The driver and the environment. You MUST NOT leave a parked vehicle unattended with the engine running or leave a vehicle engine running unnecessarily while that vehicle is stationary on a public road. Generally, if the vehicle is stationary and is likely to remain so for more than a couple of minutes, you should apply the parking brake and switch off the engine to reduce emissions and noise pollution. However it is permissible to leave the engine running if the vehicle is stationary in traffic or for diagnosing faults.

Under Regulation 98 of the Road Vehicles (Construction and Use) Regulations 1986 and Section 42 of the Road Traffic Act 1988, stationary idling is an official offense.
(https://www.legislation.gov.uk/uksi/1986/1078/contents)

=== United States ===

Both the Department of Energy and the Environmental Protection Agency have programs in place to reduce idling. The DOE is funding research and development for alternative and advanced vehicles, which includes the gathering of quantitative data on medium-duty trucks, examining idling reduction alternatives, and the CoolCab project for semi-truck curtains and installation. The EPA's programs include the Environmental Technology Verification Program, the Smart Way Transport Partnership (freight incentives), the Model State Idling Law (diesel) and Clean School Bus USA.

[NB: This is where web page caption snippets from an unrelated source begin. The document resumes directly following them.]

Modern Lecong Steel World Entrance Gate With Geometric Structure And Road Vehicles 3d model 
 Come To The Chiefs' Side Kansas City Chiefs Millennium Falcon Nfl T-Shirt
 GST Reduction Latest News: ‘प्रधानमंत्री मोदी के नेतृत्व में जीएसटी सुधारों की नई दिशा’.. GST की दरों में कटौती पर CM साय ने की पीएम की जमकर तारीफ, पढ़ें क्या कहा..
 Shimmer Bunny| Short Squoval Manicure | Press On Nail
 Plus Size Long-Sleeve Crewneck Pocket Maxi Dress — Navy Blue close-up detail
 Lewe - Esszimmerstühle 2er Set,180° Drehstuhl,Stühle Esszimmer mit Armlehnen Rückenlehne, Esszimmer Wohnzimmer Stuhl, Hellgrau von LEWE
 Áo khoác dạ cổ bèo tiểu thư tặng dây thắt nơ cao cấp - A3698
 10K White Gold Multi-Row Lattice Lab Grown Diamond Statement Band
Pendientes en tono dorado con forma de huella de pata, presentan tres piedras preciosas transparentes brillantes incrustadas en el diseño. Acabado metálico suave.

All but 11 states have at least one incentive or law in place to reduce idling, while 7 states have at least four. The state of Colorado has in place a tax credit for alternative fuel and qualified idle reduction technologies, as well as the Green Truck Grant Program which allows the Governor's Energy Office to provide reimbursement of up to 25% of costs to owners of commercial trucks used in interstate commerce to reduce emissions.

There are many local ordinances and programs to discourage idling, such as ordinances limiting the minutes per hour in which a vehicle can idle. One example of a local program is Denver, Colorado's "Engines Off!" citywide anti-idling campaign, which aims to improve air quality and reduce greenhouse gas emissions by promoting voluntary behavior change in idling behavior.